Sağlıkla ilgili tavrımın “Evde otur!” olduğu malum. Bunu sağlayacak ve düzenleyecek olan hükûmettir. Çalışması gerekenlerin hareketleri ve ulaşımları planlanır, gerisi evde oturmaya mecbur edilir. Yoksa Koronavirüs daha çook can alacak. Kurtulanlarda bırakacağı tahribatları da unutmayalım.
Ekonomi ile ilgili ilk günden beri ısrarla söylediğim iki çözüm var: Para bas ve dolar bul.
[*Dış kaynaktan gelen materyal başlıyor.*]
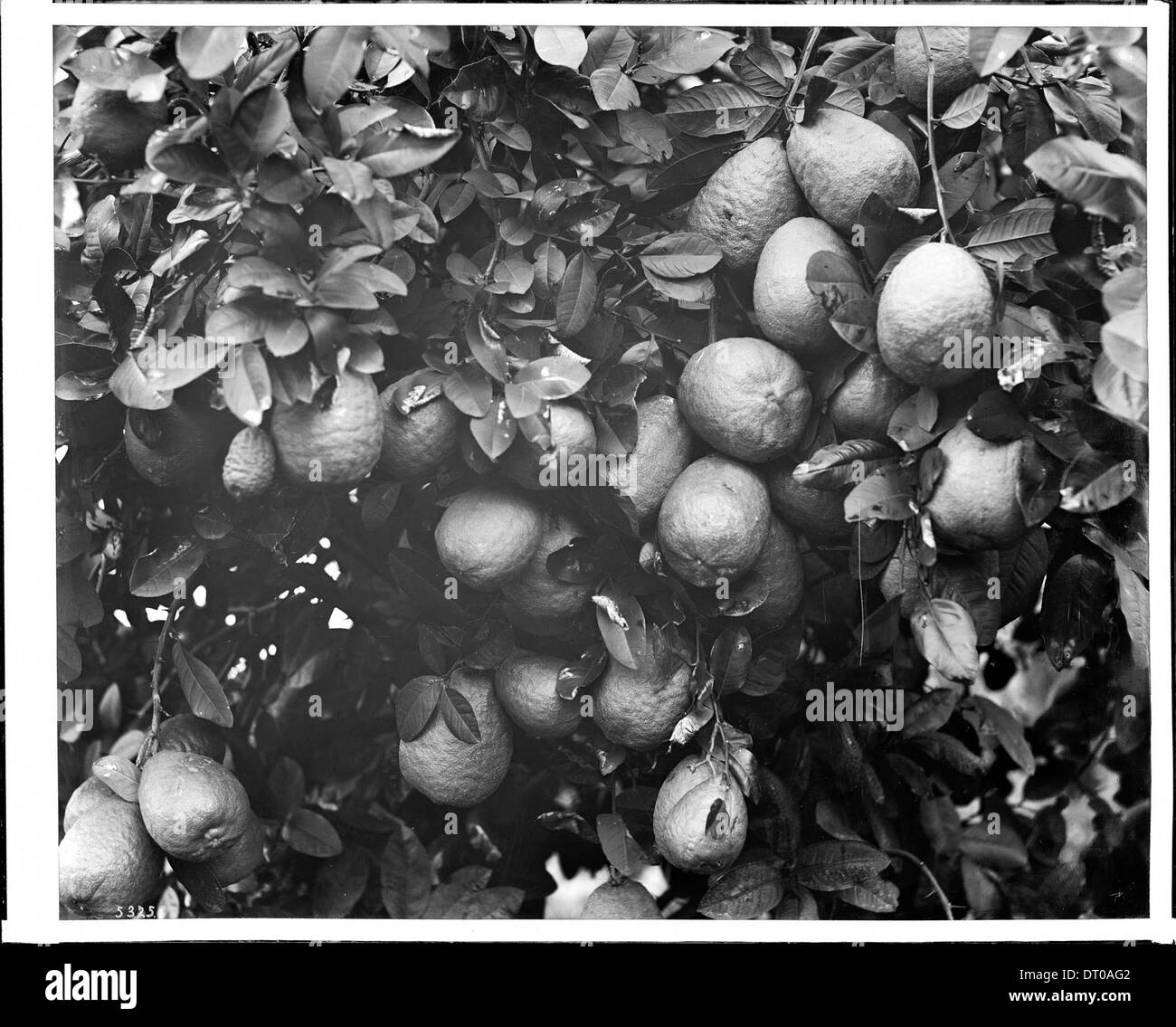 Una fotografia ravvicinata che mostra arance e fiori di un boschetto di Redlands, San Bernardino County, scattata intorno al 1910. Foto Stock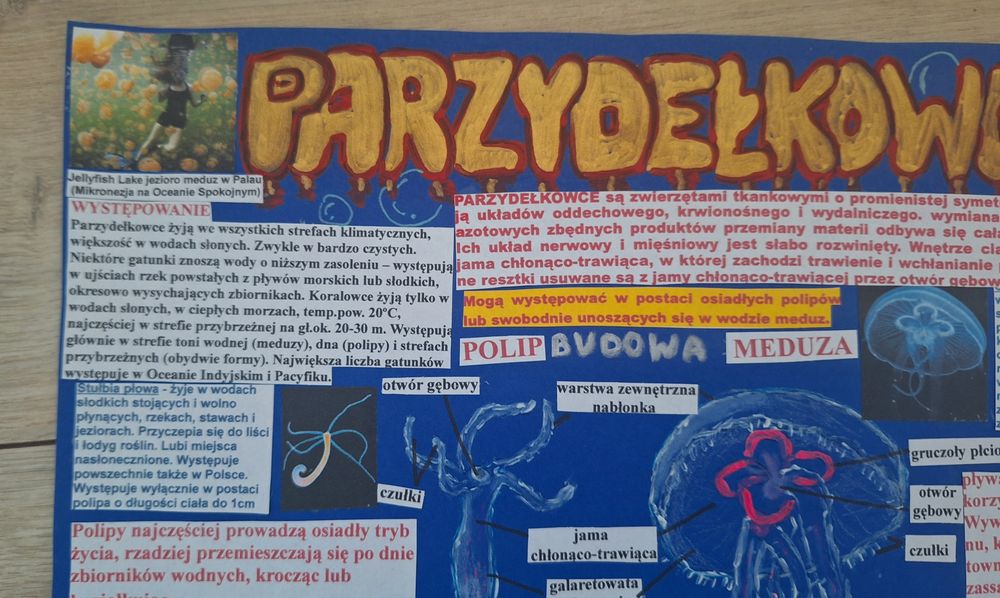 Plakat na biologię parzydełkowce
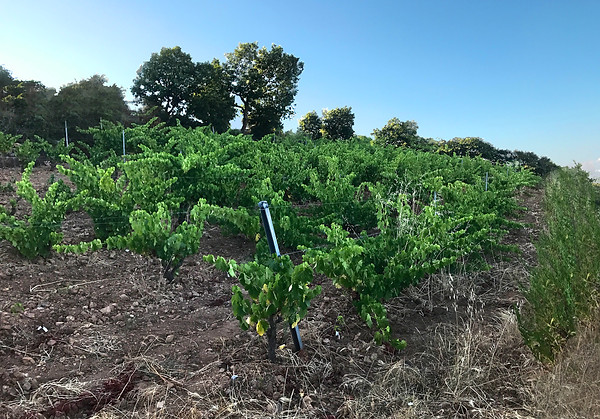panevino vigne.jpg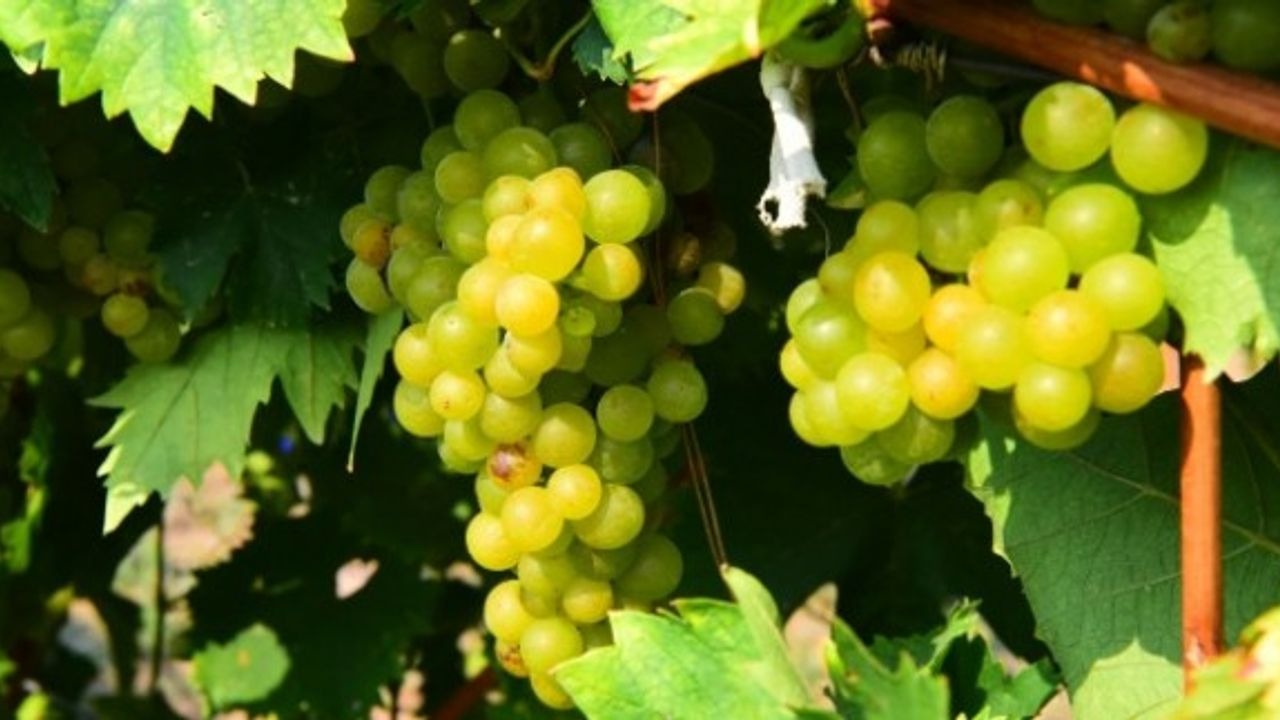 Bornova Belediyesi, Işıkkent’teki 9 dönümlük atıl alanı Misket Üzümü bağına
Dolar nereden bulunacak? Yakın tarihlerde ABD hisselerini, ABD’ye kızıp sattığımız ve el konulur endişesiyle altınlarımızı ülkemize taşıdığımız için ABD Merkez Bankasının desteğinden mahrumuz (Öfkeyle kalkan…). Geriye IMF kalıyor. IMF de ABD demek zaten. IMF’ye gitmiyoruz çünkü hükûmet bakımından bunun siyasi sonuçları ağır olur. IMF’nin ekonomik şartlarında başka borç bulabileceğimiz yer yok. Varsa bile onlar da ABD ile ilişkili. Üstelik normal bir zamanda değiliz, para herkese lazım. Şimdi swap yoluyla kısa vadelerle borçlanmaya çalışıyoruz ama yapabilsek bile doğrudan ve dolaylı toplam maliyetinin, IMF ile yapılacak bir anlaşmanın maliyetinden çok çok fazla olacağı belli.
Bu şartlarda IMF ile anlaşmak ülkemizin geleceği için daha doğru olacaksa, iç siyasi sonuçları bir kenara atılmalıdır. Benim gözümde devlet adamı, -meşhur tabirle- “gelecek seçimleri değil, gelecek nesilleri” düşünendir.